What are the factors Google considers when weighing whether a page is high or low quality, and how can you identify those pages yourself? There’s a laundry list of things to examine to determine which pages make the grade and which don’t, from searcher behavior to page load times to spelling mistakes. Rand covers it all in this episode of Whiteboard Friday.
Video Transcription
Howdy, Moz fans, and welcome to another edition of Whiteboard Friday. This week we’re going to chat about how to figure out if Google thinks a page on a website is potentially low quality and if that could lead us to some optimization options.
So as we’ve talked about previously here on Whiteboard Friday, and I’m sure many of you have been following along with experiments that Britney Muller from Moz has been conducting about removing low-quality pages, you saw Roy Hinkis from SimilarWeb talk about how they had removed low-quality pages from their site and seen an increase in rankings on a bunch of stuff. So many people have been trying this tactic. The challenge is figuring out which pages are actually low quality. What does that constitute?
What constitutes “quality” for Google?
So Google has some ideas about what’s high quality versus low quality, and a few of those are pretty obvious and we’re familiar with, and some of them may be more intriguing. So…
- Google wants unique content.
- They want to make sure that the value to searchers from that content is actually unique, not that it’s just different words and phrases on the page, but the value provided is actually different. You can check out the Whiteboard Friday on unique value if you have more questions on that.
- They like to see lots of external sources linking editorially to a page. That tells them that the page is probably high quality because it’s reference-worthy.
- They also like to see high-quality pages, not just sources, domains but high-quality pages linking to this. That can be internal and external links. So it tends to be the case that if your high-quality pages on your website link to another page on your site, Google often interprets that that way.
- The page successfully answers the searcher’s query.

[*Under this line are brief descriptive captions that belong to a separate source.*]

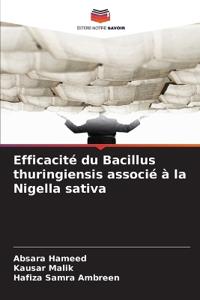 Efficacité du Bacillus thuringiensis associé à la Nigella sativa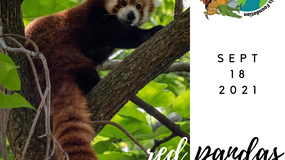 International Red Panda Day!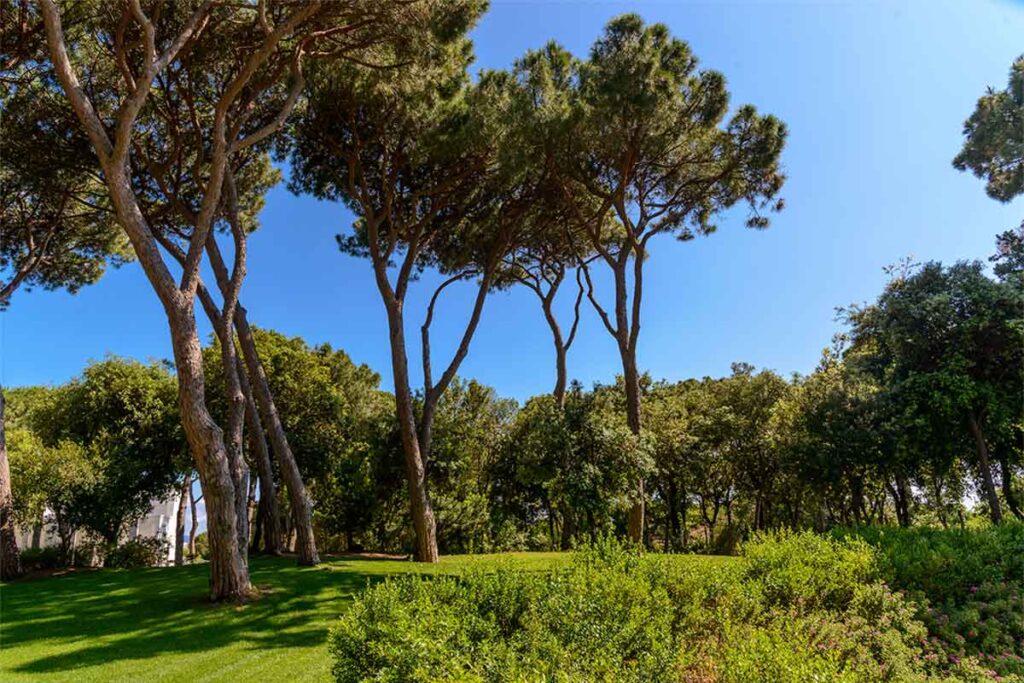 the-sense-eco-hotel-toscana-mare-13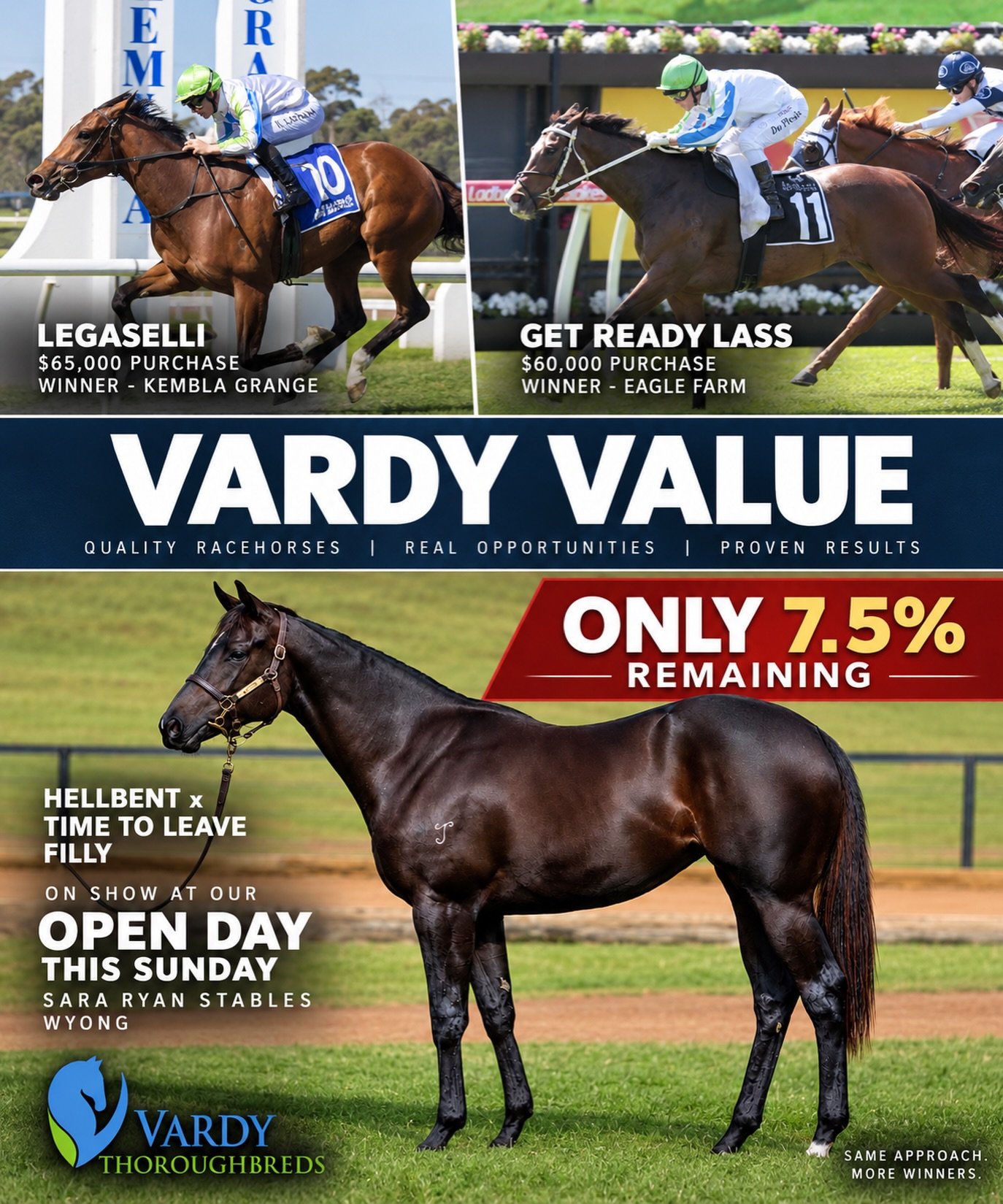 Only 7.5% remains across all of the yearlings we purchased this year - and it&rsquo;s our Hellbent x Time To Leave filly.

Have we saved the best till last? 

Come out this Sunday, see her for yourself and have a look at some of the quality horses we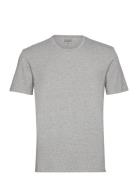 Bamboo Tee Tops T-shirts Short-sleeved Grey Frank Dandy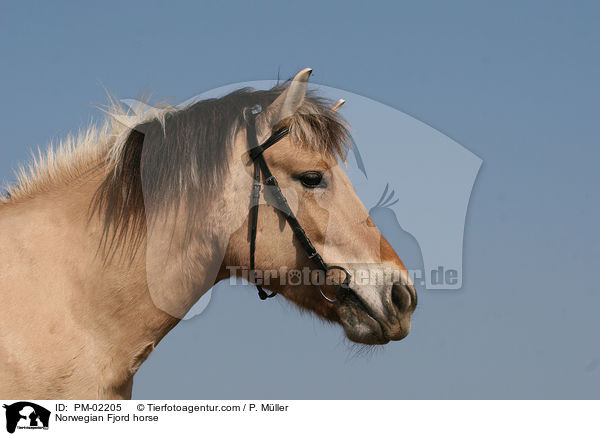 Fjordpferd Portrait / Norwegian Fjord horse / PM-02205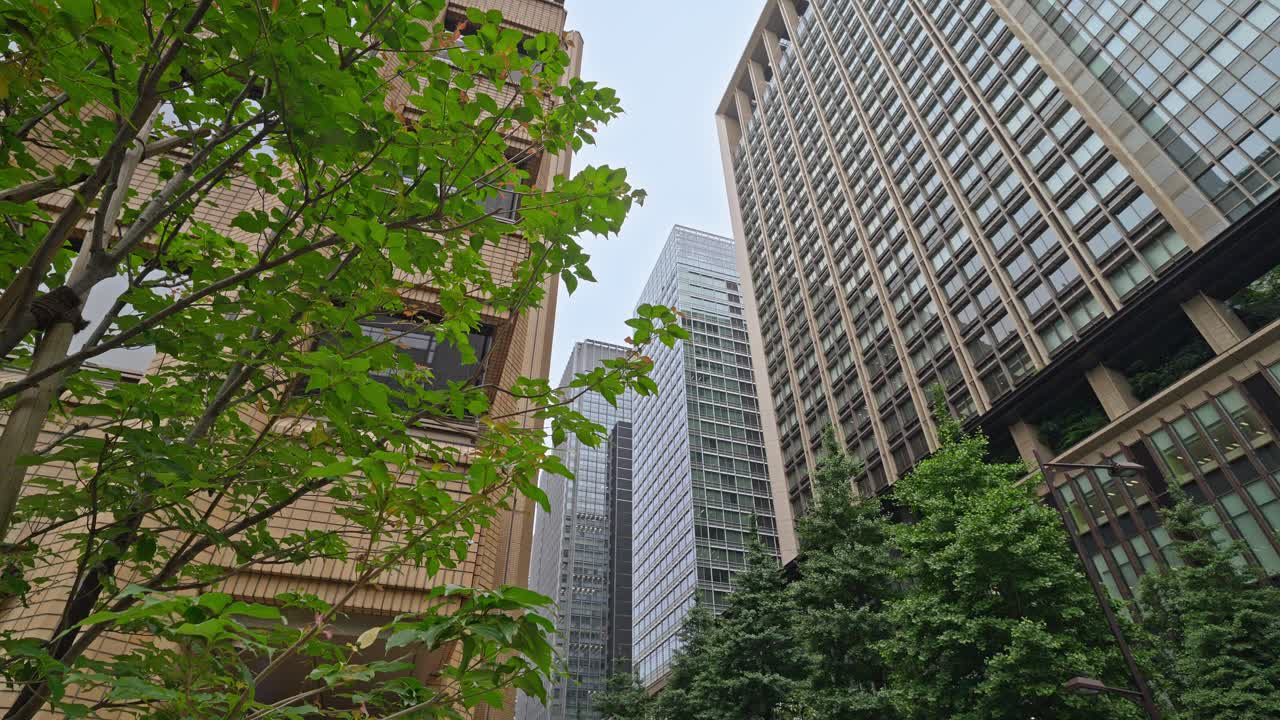 Lush green trees frame modern buildings in Tokyo, showcasing a harmonious blend of nature and urban architecture.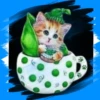 Gatitos tiernos💞3🇵🇪Movi 9
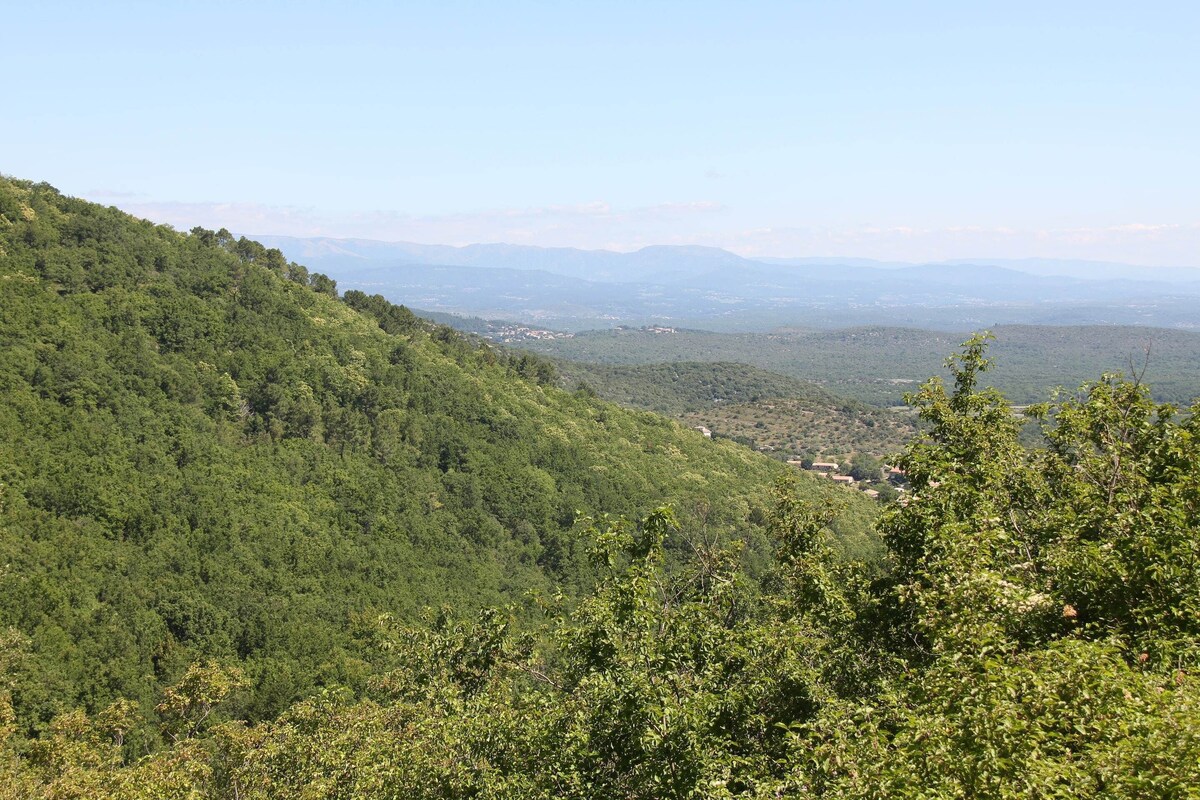 A mountainous landscape with dense forest and a distant view of a valley.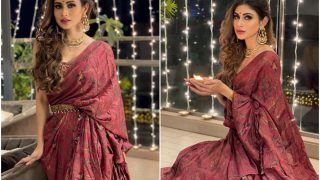 Mouni Roy Looks Splendid in Hand-Painted Maroon Saree Worth Rs 35K - A Hit or a Miss?
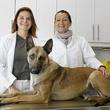 Tierarztpraxis Dr. Copar & Mag. Bregenzer 0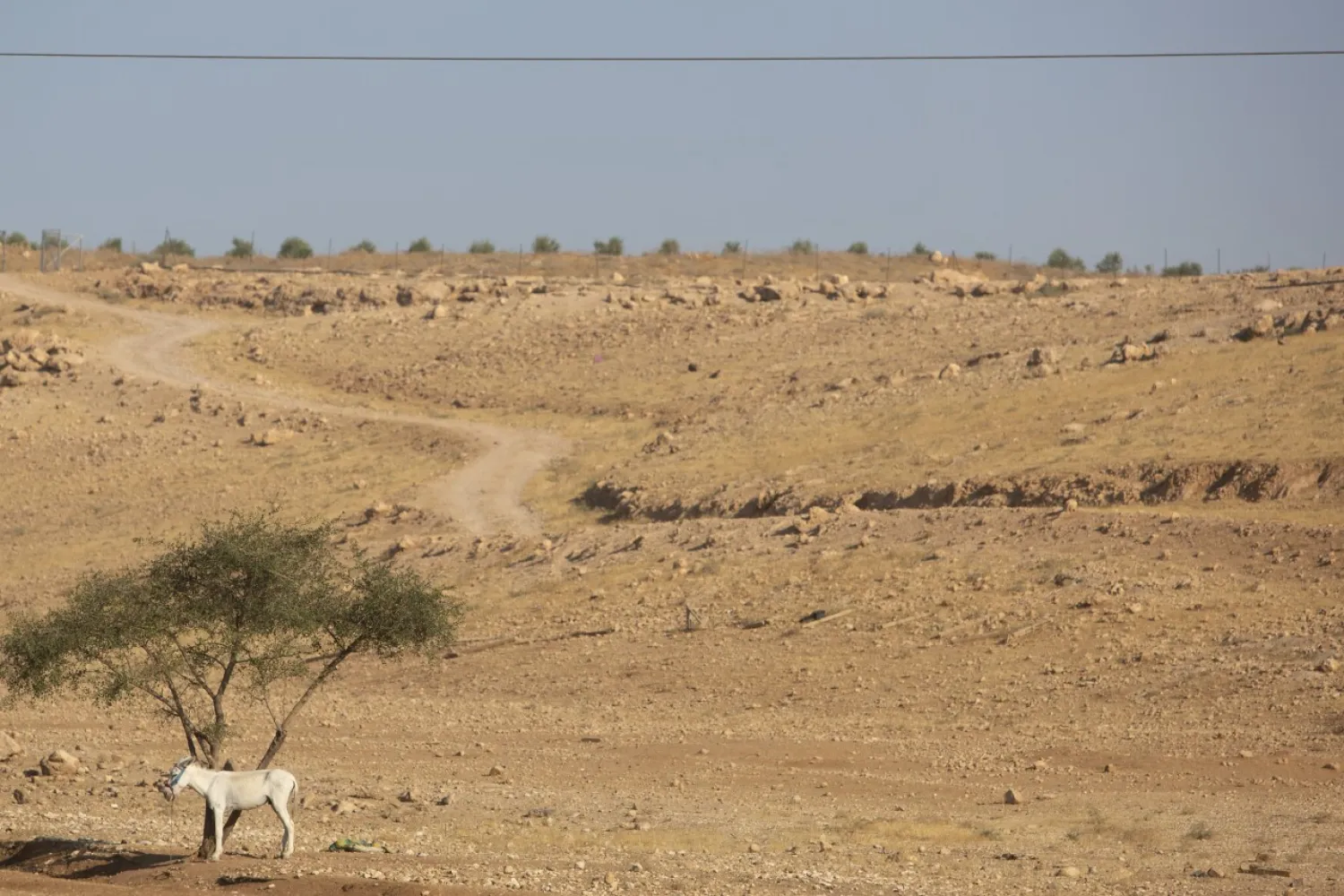 This Monday, June 29, 2020 photo shows an area near the Israeli settlement of Maale Adumim, in the West Bank. (AP/Sebastian Scheiner)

This is an intriguing one. So if someone performs a search, let’s say here I type in a search on Google for “pressure washing.” I’ll just write “pressure wash.” This page comes up. Someone clicks on that page, and they stay here and maybe they do go back to Google, but then they perform a completely different search, or they go to a different task, they visit a different website, they go back to their email, whatever it is. That tells Google, great, this page solved the query.
If instead someone searches for this and they go, they perform the search, they click on a link, and they get a low-quality mumbo-jumbo page and they click back and they choose a different result instead, that tells Google that page did not successfully answer that searcher’s query. If this happens a lot, Google calls this activity pogo-sticking, where you visit this one, it didn’t answer your query, so you go visit another one that does. It’s very likely that this result will be moved down and be perceived as low quality in Google.
- The page has got to load fast on any connection.
- They want to see high-quality accessibility with intuitive user experience and design on any device, so mobile, desktop, tablet, laptop.
- They want to see actually grammatically correct and well-spelled content. I know this may come as a surprise, but we’ve actually done some tests and seen that by having poor spelling or bad grammar, we can get featured snippets removed from Google. So you can have a featured snippet, it’s doing great in the SERPs, you change something in there, you mess it up, and Google says, “Wait, no, that no longer qualifies. You are no longer a high-quality answer.” So that tells us that they are analyzing pages for that type of information.
- Non-text content needs to have text alternatives. This is why Google encourages use of the alt attribute. This is why on videos they like transcripts. Here on Whiteboard Friday, as I’m speaking, there’s a transcript down below this video that you can read and get all the content without having to listen to me if you don’t want to or if you don’t have the ability to for whatever technical or accessibility, handicapped reasons.
- They also like to see content that is well-organized and easy to consume and understand. They interpret that through a bunch of different things, but some of their machine learning systems can certainly pick that up.
- Then they like to see content that points to additional sources for more information or for follow-up on tasks or to cite sources. So links externally from a page will do that.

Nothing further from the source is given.